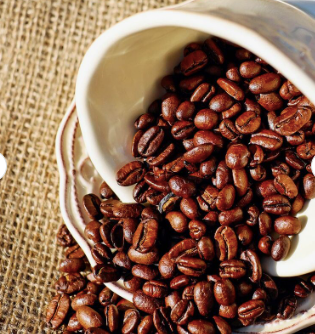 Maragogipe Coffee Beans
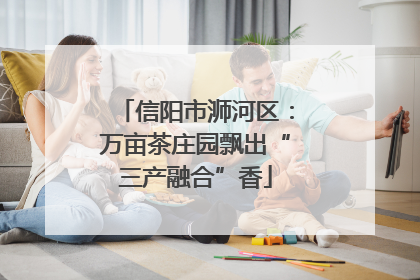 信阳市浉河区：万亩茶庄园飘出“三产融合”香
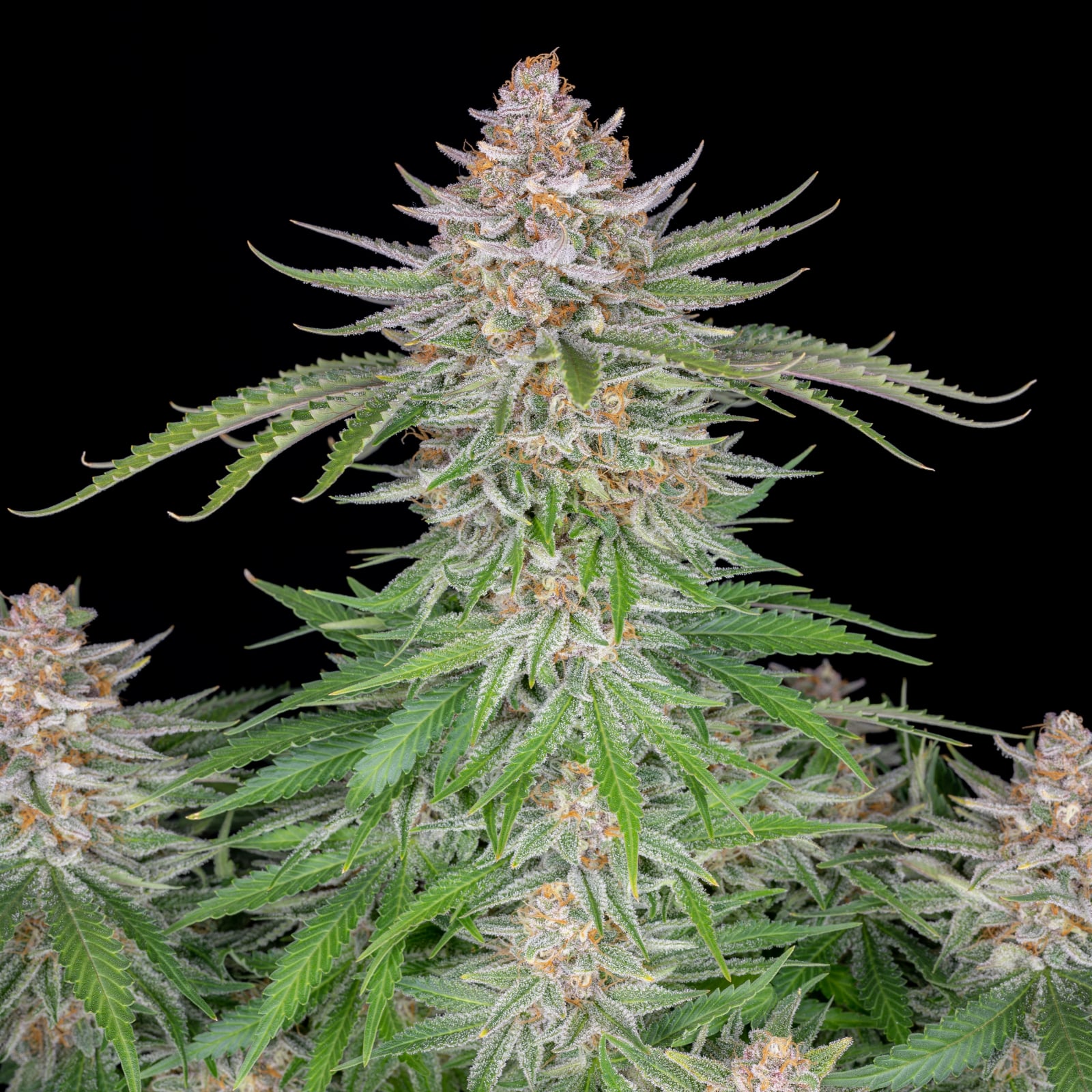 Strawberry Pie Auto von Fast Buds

--

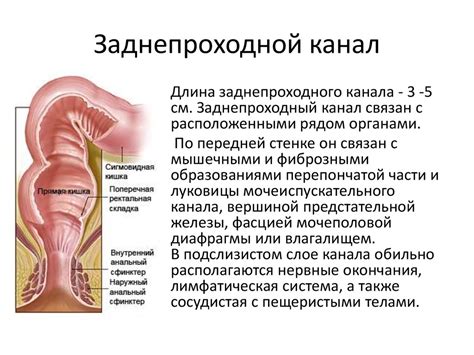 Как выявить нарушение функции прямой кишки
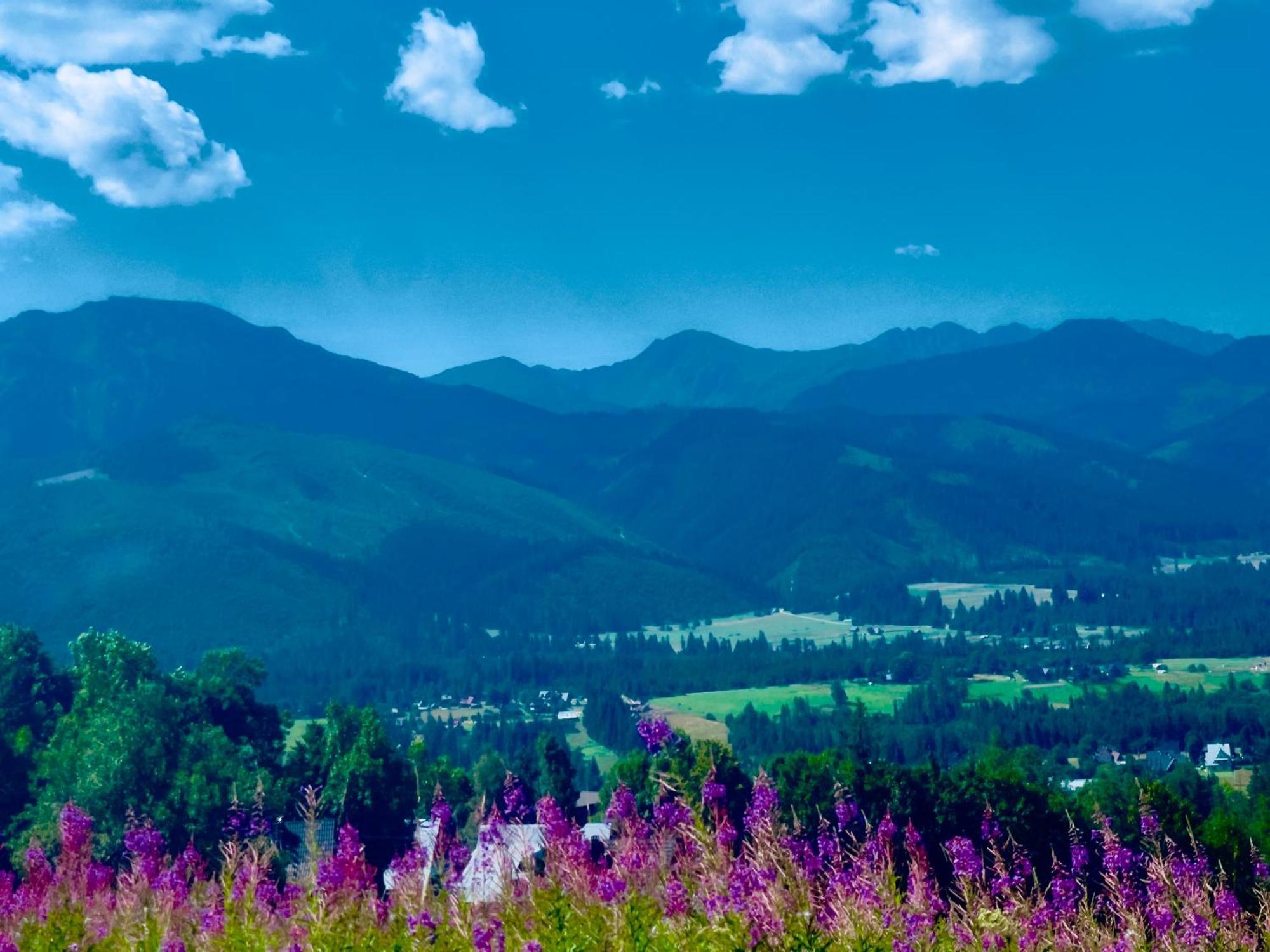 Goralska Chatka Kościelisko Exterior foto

==

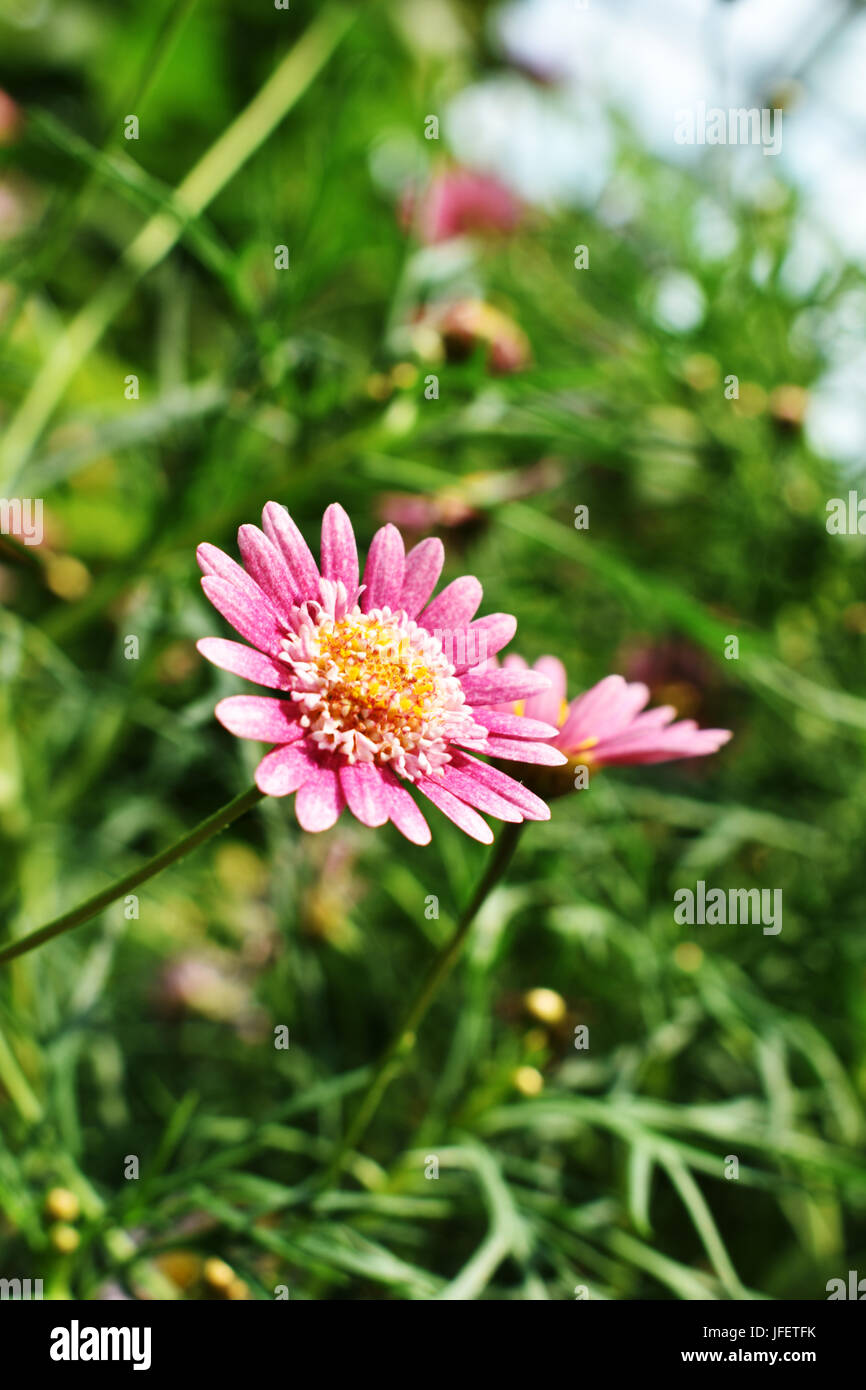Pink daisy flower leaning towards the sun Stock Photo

- _About this task_
Copy nothing but the lines above from the one with "Как выявить нарушение функции прямой кишки" to the one with "Goralska Chatka Kościelisko Exterior foto", inclusive, word for word. Leave every picture out.

- _Answer for this exercise_
 Как выявить нарушение функции прямой кишки
 Goralska Chatka Kościelisko Exterior foto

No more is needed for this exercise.